The basic premise is thus: deeper cuts by well-known artists, shallower cuts by less well-known artists, or songs that might surprise you by artists you may, quite fairly in some cases, have pigeonholed.
 
If you find something you like - which is sort of the point - go and see ‘em live (with the notable and noble exceptions of Syd Barrett, Tom Petty, and Leonard Cohen, all of whom are sadly very...dead. That’s one GREAT gig in the sky). Let’s not forget that all of this is basically free.
 
I am writing this live - so if it’s anything like me on a night out, it may peak, before troughing in dramatic fashion once I’ve got on to the whiskey. I apologise in advance.


White Rabbits – Percussion Gun: Never has music been more accurately summed up by its title. Except, perhaps, ‘Don’t’, by Ed Sheeran.
 
Underground Heroes – Punk Special: Basically Medway distilled into a song, if you remove the sound of police vans and fighting.
 
The Gaslight Anthem – Film Noir: If the Gaslight Anthem were an ad agency, they’d get accused of plagiarism by Bruce Springsteen. Except they’re not, Springsteen’s far too much of a Boss, and the music scene is clearly more chivalric than the advertising industry.
 
Elle King – Under the Influence: This voice isn’t particularly famous.

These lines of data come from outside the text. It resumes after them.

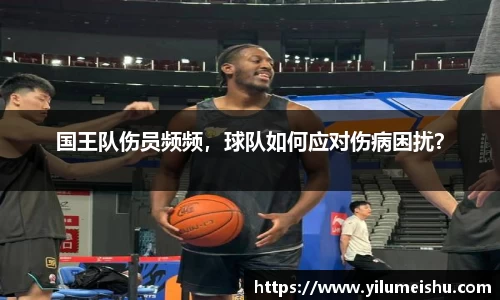 国王队伤员频频，球队如何应对伤病困扰？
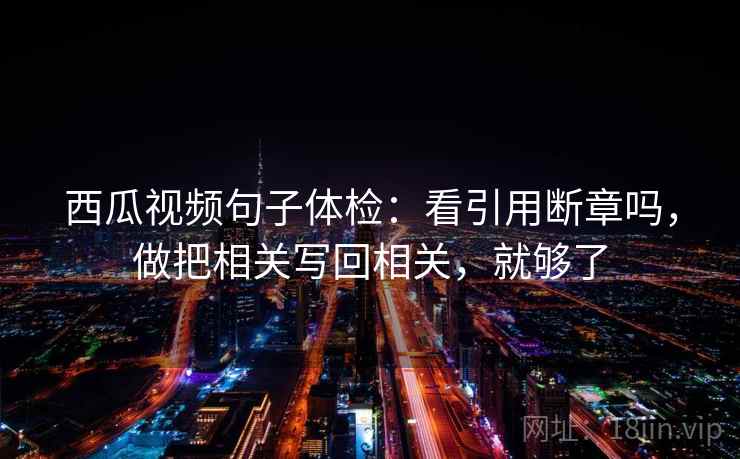 西瓜视频句子体检：看引用断章吗，做把相关写回相关，就够了  第2张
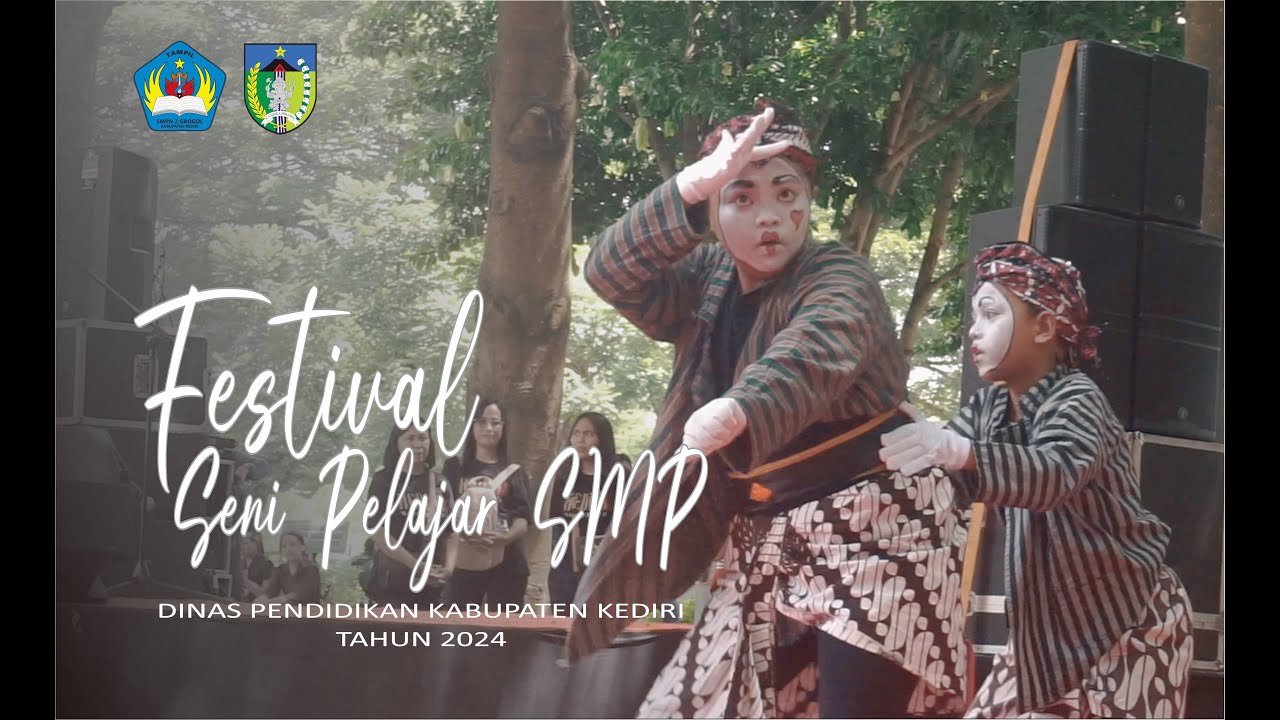Festival Seni Pelajar SMPN 2 Grogol Kab. Kediri 2024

Meanwhile, Sheeran has headlined Glastonbury. Go figure.
 
Wolf Parade – Language City: No chance this wine will outlast this playlist at this rate. Anyway, weaving piano, synths and guitar – what’s not to like? I know literally nothing about this band, bar the fact I have three of their albums and they’re all very good – yet I remain curiously uninterested in finding out more.
 
Bruce Springsteen – From Small Things (Big Things One Day Come): As the first Springsteen song I ever saw live, this one has a special place in my heart. It was in Cardiff, home of The World’s Best Wetherspoon’s™.  If you know, you know. Coincidently, The E Street Band is the world’s best live band. Don’t @ me.
 
10cc – Clockwork Creep: Mental.
 
The Dead Weather – Die by the Drop: Everything Jack touches turns to (White) gold. Wait – does that analogy work? Is white gold…good? Whatever; this is his voice at its frantic, frenetic best.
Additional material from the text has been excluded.